» **DATA RECORDS**:
--- START ---
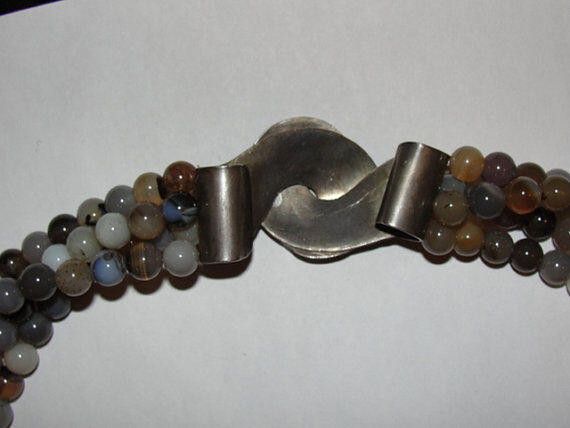 Designer Sterling Silver & Grey and White Banded Agate Bead Necklace Size ONE SIZE - 5 Thumbnail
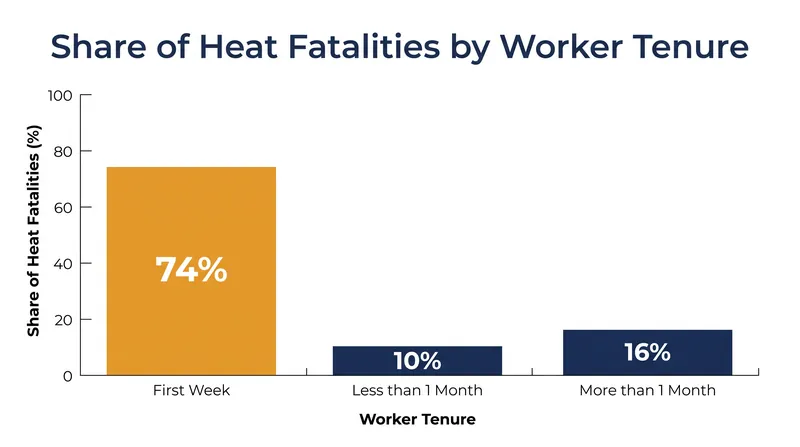 Nearly three out of four heat fatalities occur during a worker's first week, making acclimatization the most critical component of any heat safety program.
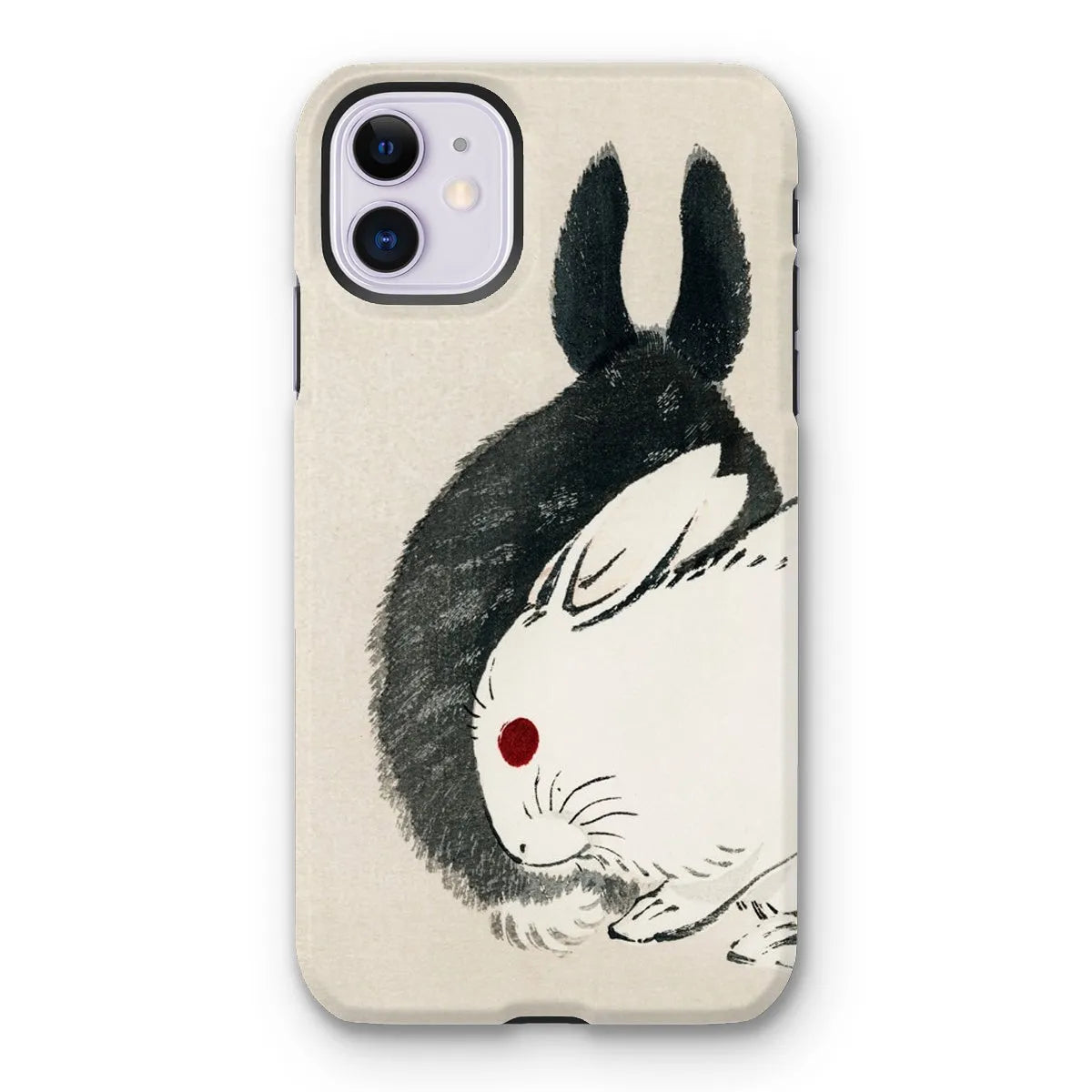 Rabbits - Black And White Meiji Art Phone Case - Kōno Bairei - Iphone 11 / Matte - Mobile Phone Cases - Aesthetic Art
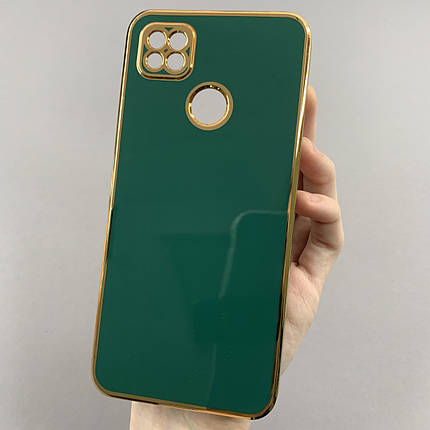 Чохол для Xiaomi Redmi 9C чохол із золотою окантовкою на телефон сяомі редмі 9с темно-зелений h7y, фото 1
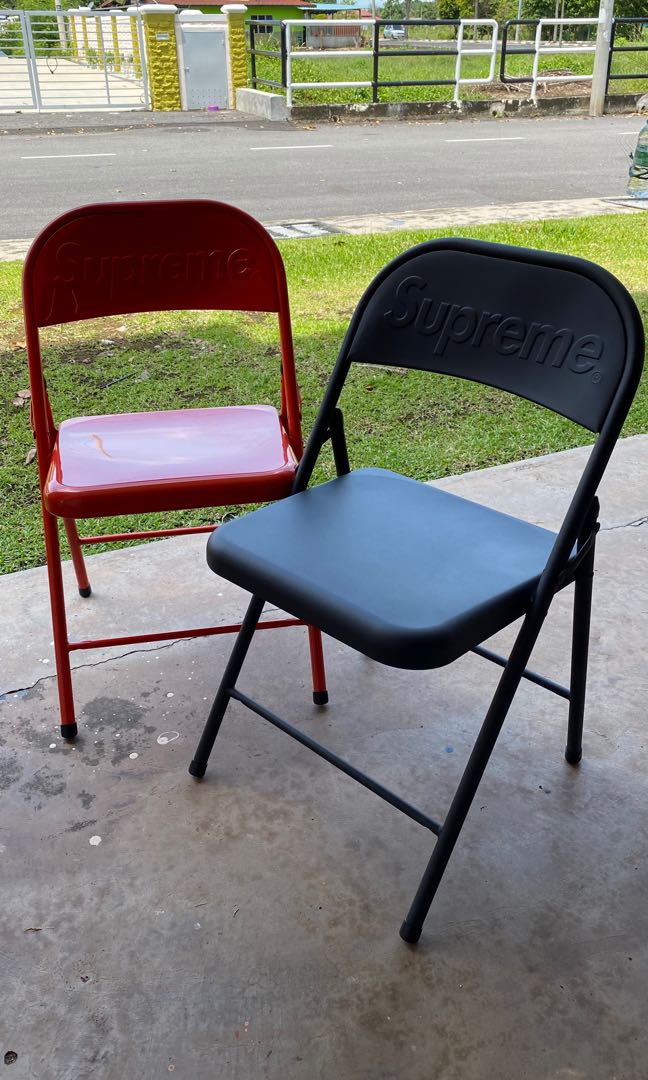 【Red】 Supreme Metal Folding Chair 20FW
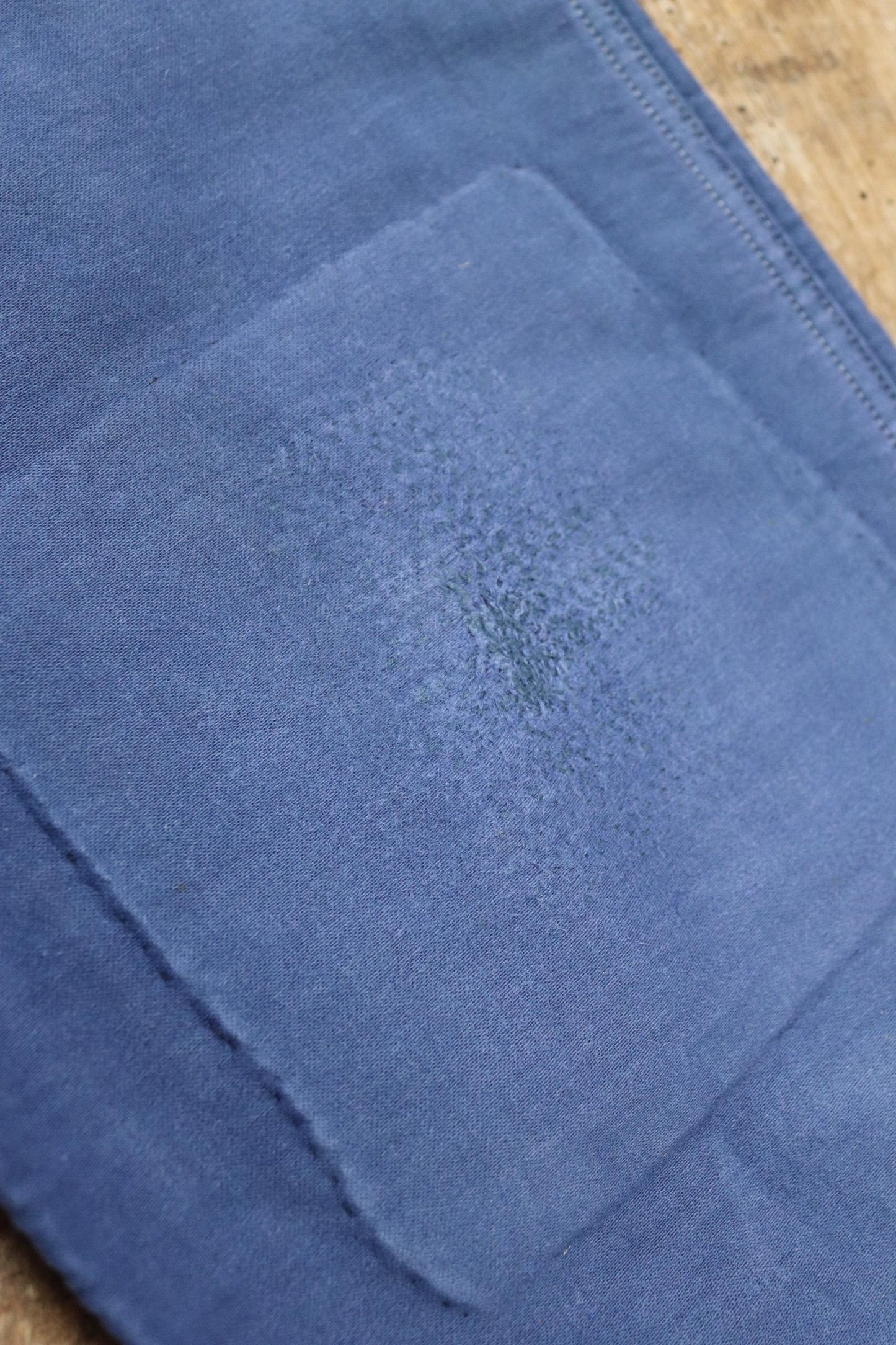 Vintage French workwear overalls dungarees moleskin work chore bib brace 37” x 28” bleu de travail repaired darned 1960s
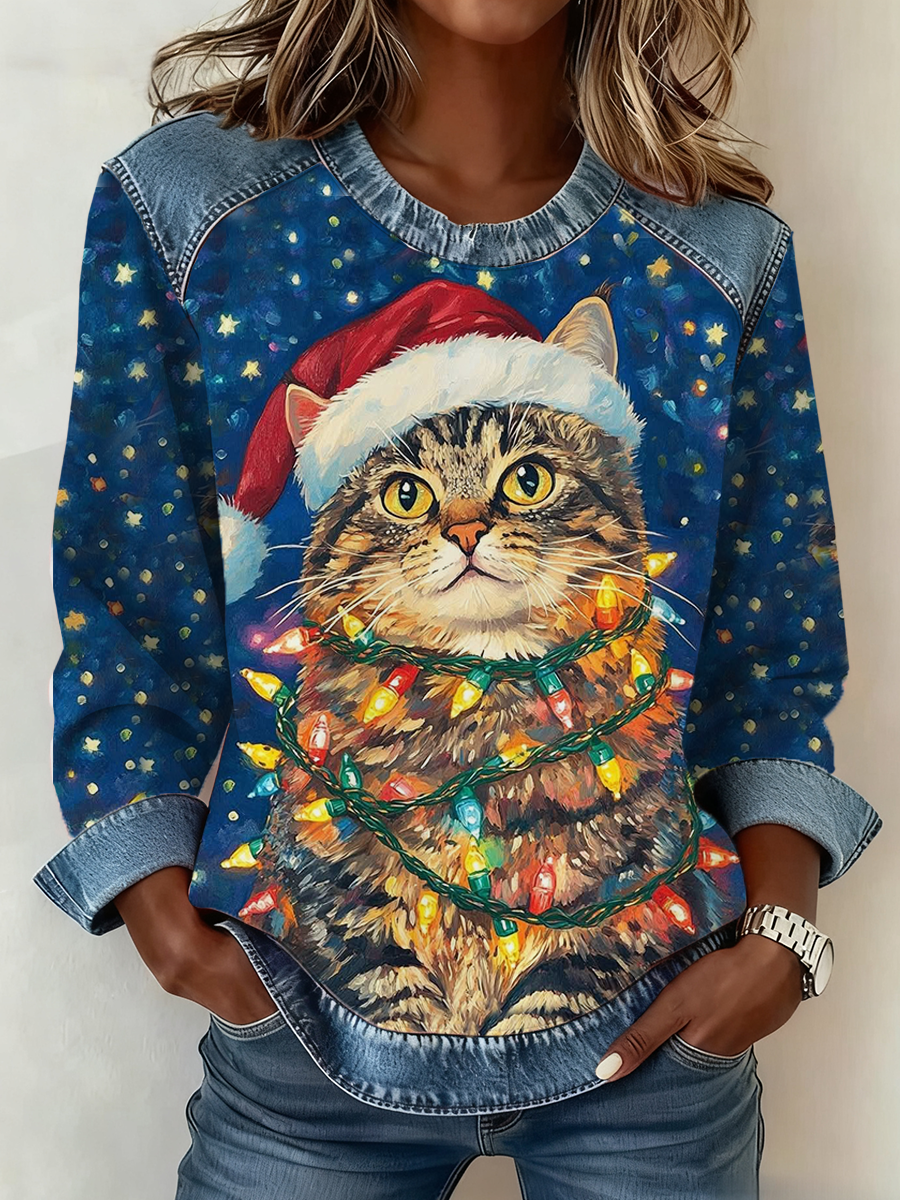 Femmes Lumières De Noël Chat Denim Patchwork Top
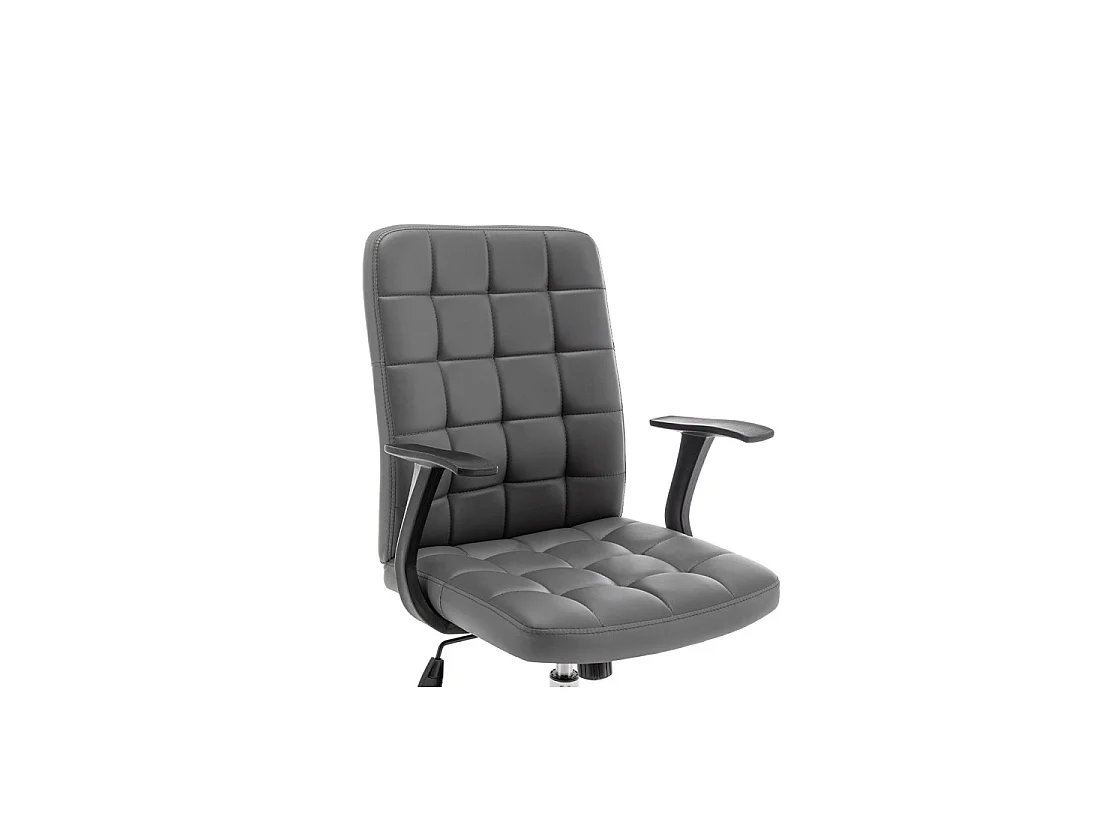 Chaise de bureau KARDEN – Tissu gris – Accoudoirs – Pivotante – Pieds métal – Design ergonomique et contemporain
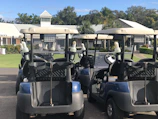 A white golf cart with a roof and comfortable seats ready for a round.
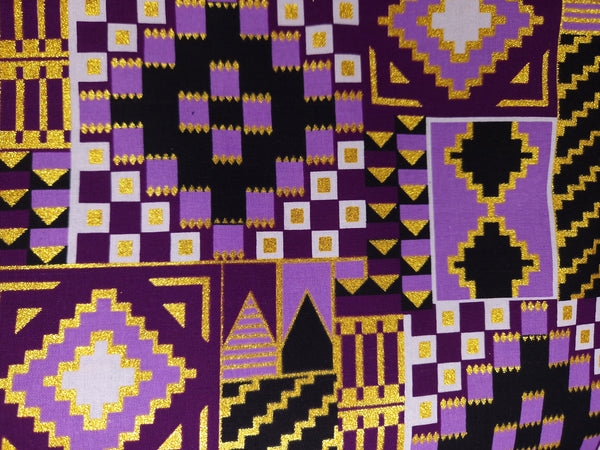 Afrikaanse stof - Exclusief versierd met glittereffecten 100% katoen - KT-3086 Kente Goud Paars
--- END ---
» **EXERCISE DETAILS**: Only the lines between the one with "Rabbits - Black" and the one with "Vintage French workwear", those two included, get copied from the material above. Keep it exact and free of pictures.

» **FINISHED EXERCISE**:
 Rabbits - Black And White Meiji Art Phone Case - Kōno Bairei - Iphone 11 / Matte - Mobile Phone Cases - Aesthetic Art
 Чохол для Xiaomi Redmi 9C чохол із золотою окантовкою на телефон сяомі редмі 9с темно-зелений h7y, фото 1
 【Red】 Supreme Metal Folding Chair 20FW
 Vintage French workwear overalls dungarees moleskin work chore bib brace 37” x 28” bleu de travail repaired darned 1960s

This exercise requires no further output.